ControlNet Much Worse test result when using gradio_canny2image.py than validation result.

Hi Thanks for your great work. I've trained Controlnet using Canny Edge. After 30 epoch, the validation images in image_log show quite realistic good results. So I used the model and run gradio_canny2image.py and tried with a lot of different parameter settings like CFG, but it shows always so bad result compared to the validation results. Is there any difference between validation process or parameter settings and web version?

Please help me~! Thank you!

May 25 '23 05:05 dedoogong

@dedoogong Have you figured out the reason? If yes, kindly elaborate.

Jun 27 '23 06:06 HassanBinHaroon

I have the same problem. I trained a controlnet model with my own dataset, and the results are much worse when I load the model in automatic1111's webui than the results in image_log.

Jul 10 '23 06:07 ELEPOT

Yes I still have the problem. I wonder, what is difference between evaluation process(run on the every 300 iter) or paramter and independent inference(gradio_canny.py) process / parameter settings.

Jul 10 '23 07:07 dedoogong

After digging through some code I found that in the evaluation process, the CFG scale is 9, the sampling step is 50, and the sampler seems to be ddim But after I applyed these changes the problem is still not fixed. Hope it would help in some way.

Jul 10 '23 10:07 ELEPOT

Hi Thanks for your great work. I've trained Controlnet using Canny Edge. After 30 epoch, the validation images in image_log show quite realistic good results. So I used the model and run gradio_canny2image.py and tried with a lot of different parameter settings like CFG, but it shows always so bad result compared to the validation results. Is there any difference between validation process or parameter settings and web version?

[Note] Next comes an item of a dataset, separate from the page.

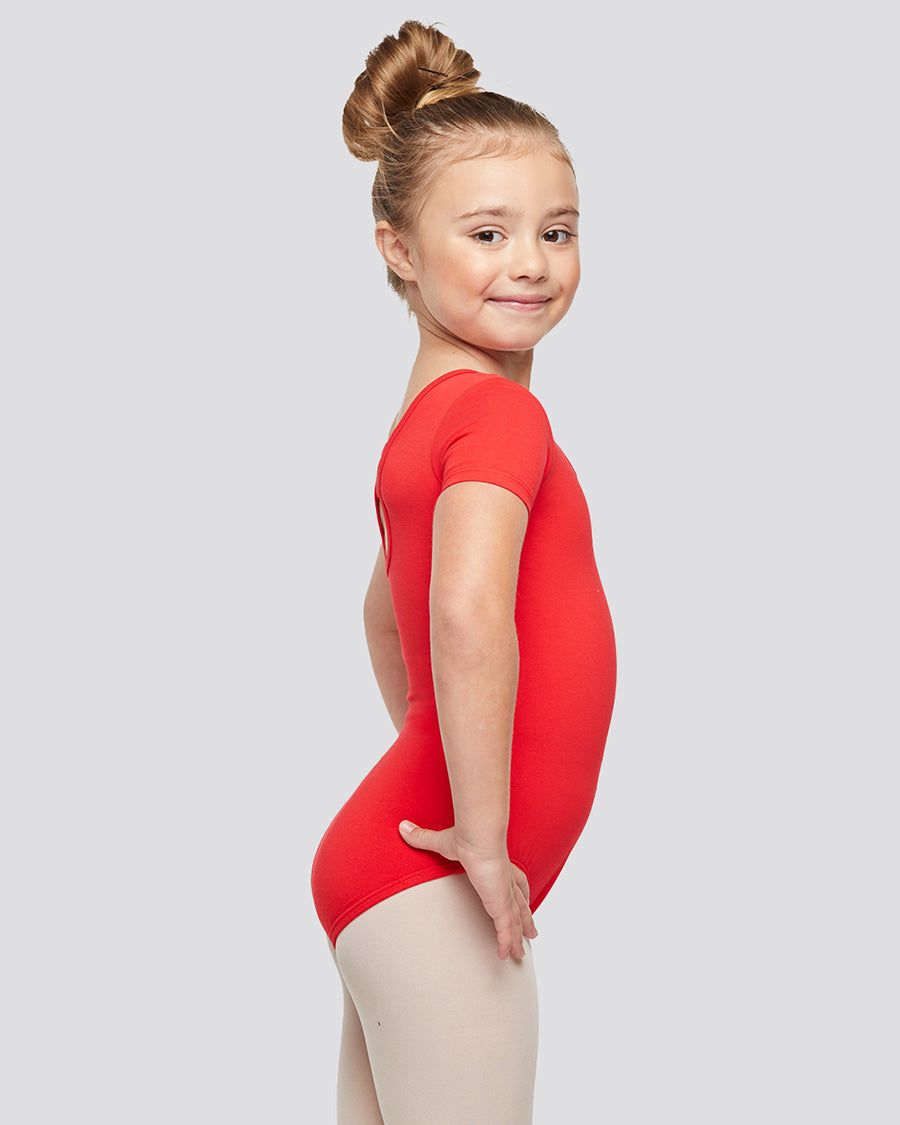 Red Girls Bowknot Short Sleeve Ballet Leotard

Please help me~! Thank you!

Did you upload a Canny image when testing?

Nov 17 '23 09:11 Edwardlmaooooooo

Have you solved the problem? I had the same problem and didn't know how to solve it. If you know the solution, please let me know, thank you very much!

Dec 18 '23 11:12 kako523

Hi I have the same problem,too. Have you figured out the reason? If yes, let me know please.I would appreciate it very much!

Jan 10 '24 08:01 Namn23

This problem has been bothering me for a long time, but after some effort, I wrote a inference script, and now it works relatively normally, hope it can help you.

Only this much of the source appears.